(Short descriptive text snippets)
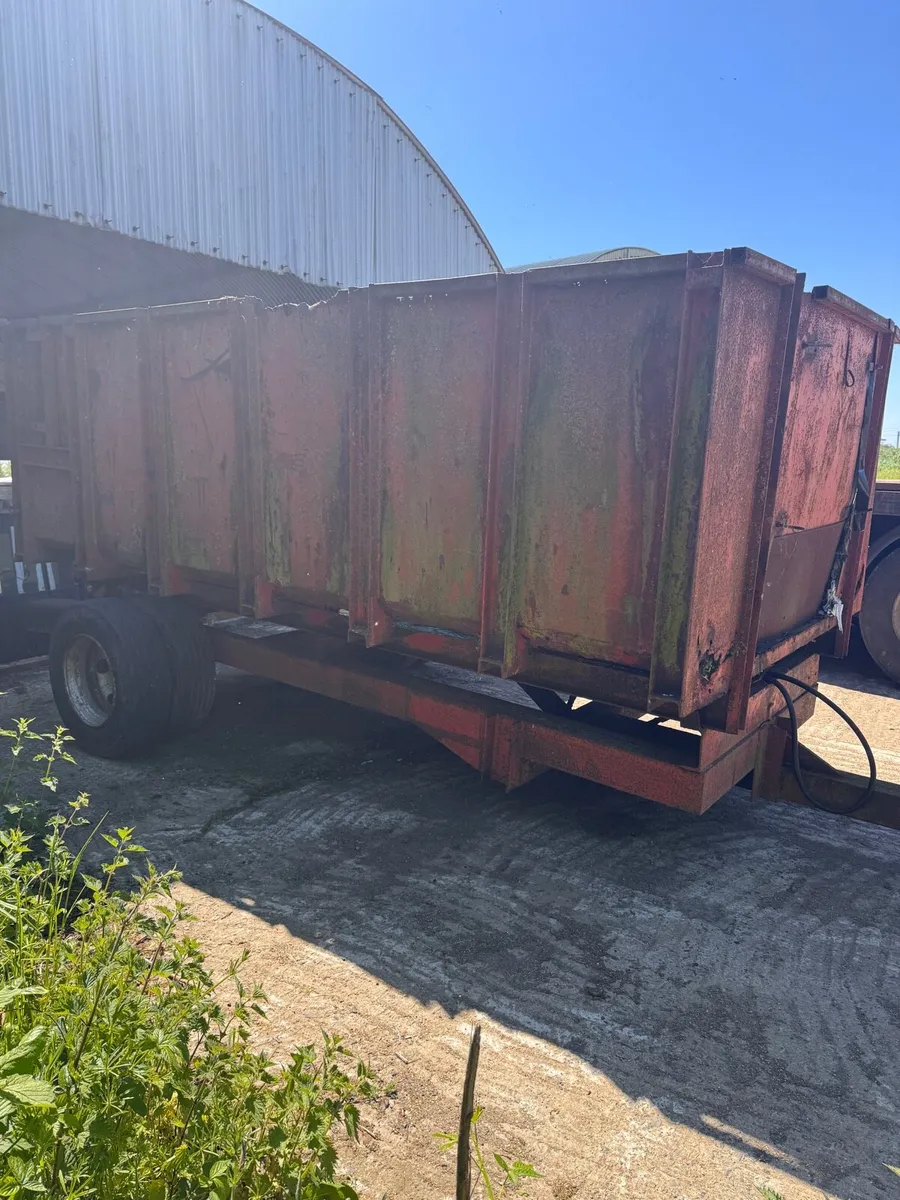 Tipping trailer - 12ft x 7ft - (no vat) - Image 3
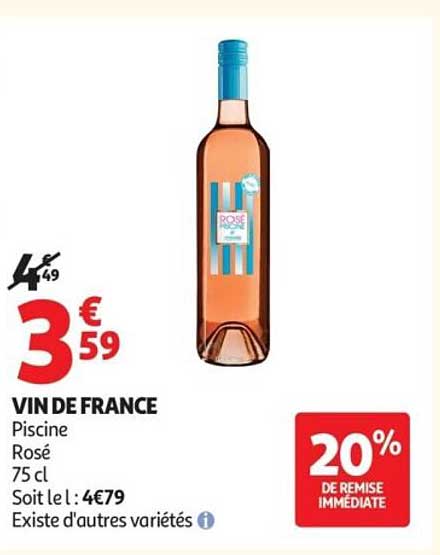 VIN DE FRANCE Piscine Rosé 75 cl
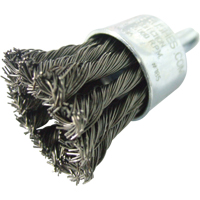 Knotted Wire End Brushes, 1" Dia., 0.020" Wire Dia., 1/4" Shank R.M.G. Prévention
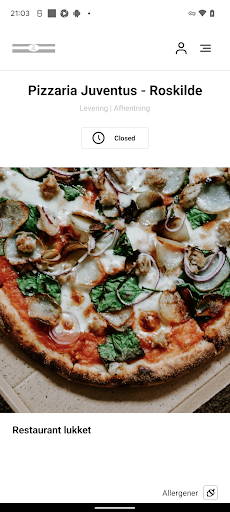 Android application Pizzaria J Roskilde screenshort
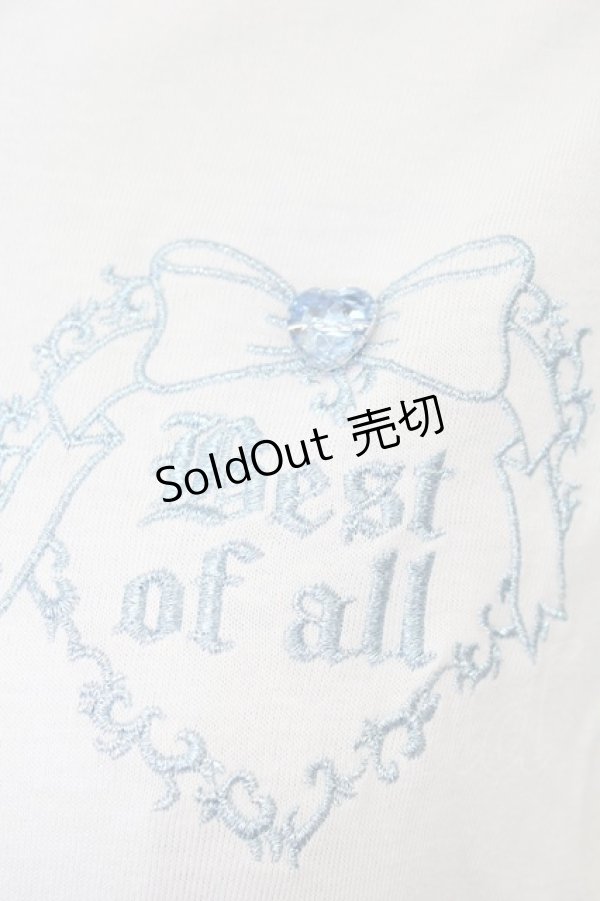 画像5: Ank Rouge / ロゴ刺しゅうキラキラショートパーカー  サックス T-25-08-25-005-CA-TO-SA-ZI (5)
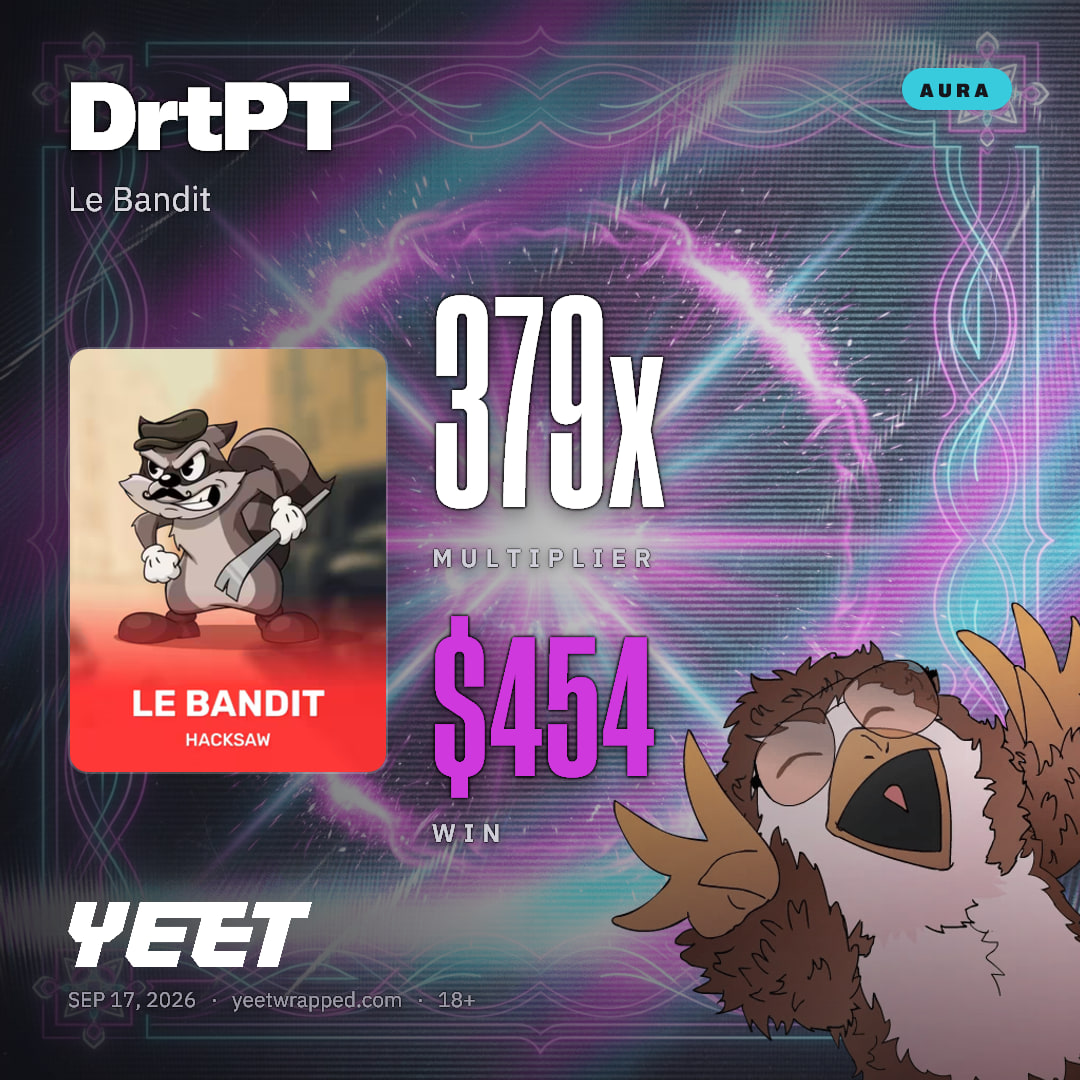 DrtPT hit 378.7x on Le Bandit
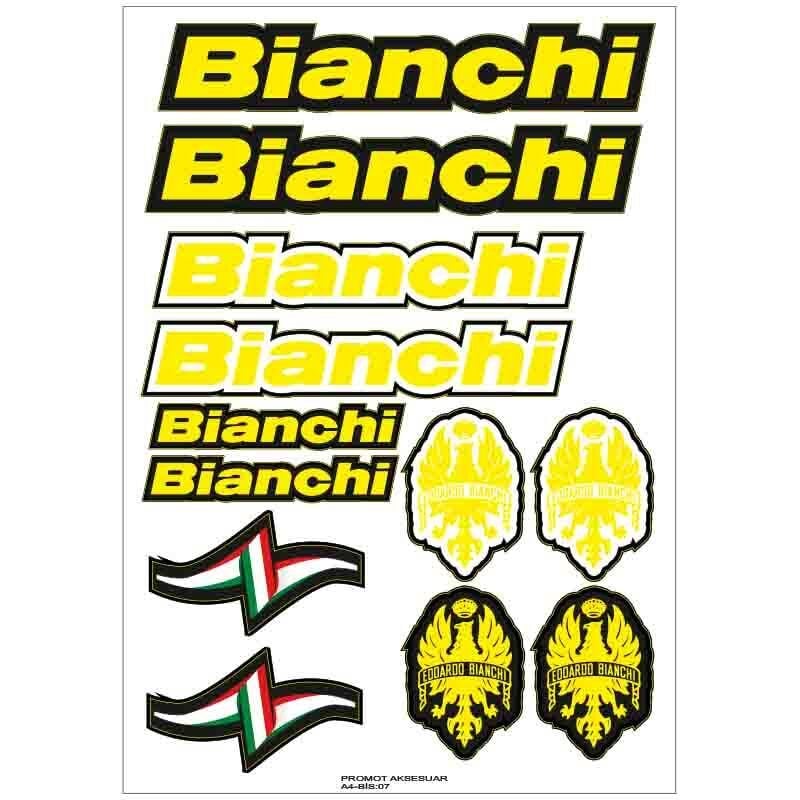 BİANCHİ BİSİKLET STİCKER SET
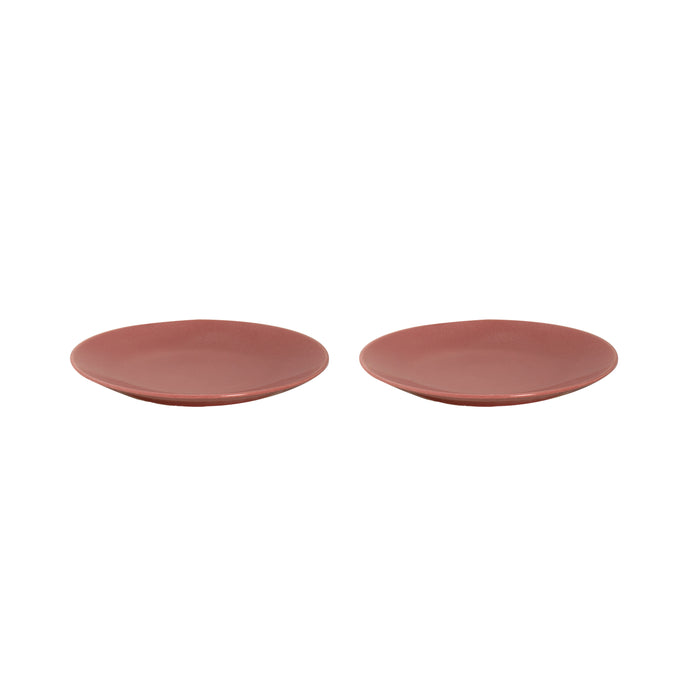 Mammoet - Spirit - Bord - 2 stuks - ø 27,5 cm - Rood - Stoneware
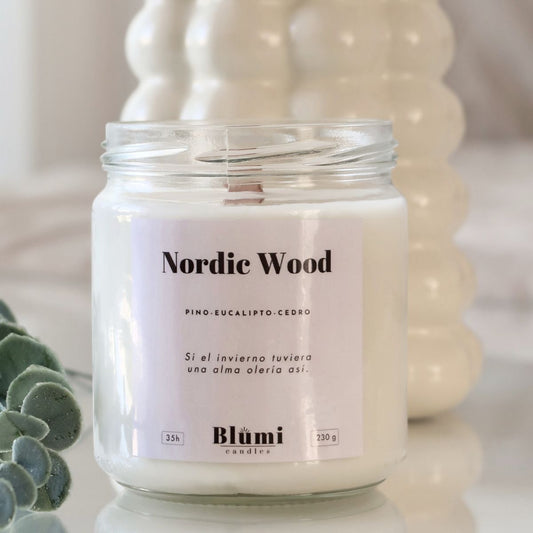 Nordic Wood · Vela Aromática de Soja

# Work instructions
Copy out only the lines from the one containing "Mammoet - Spirit" to the end of the entries, unchanged. Drop the pictures.

# Answer area
 Mammoet - Spirit - Bord - 2 stuks - ø 27,5 cm - Rood - Stoneware
 Nordic Wood · Vela Aromática de Soja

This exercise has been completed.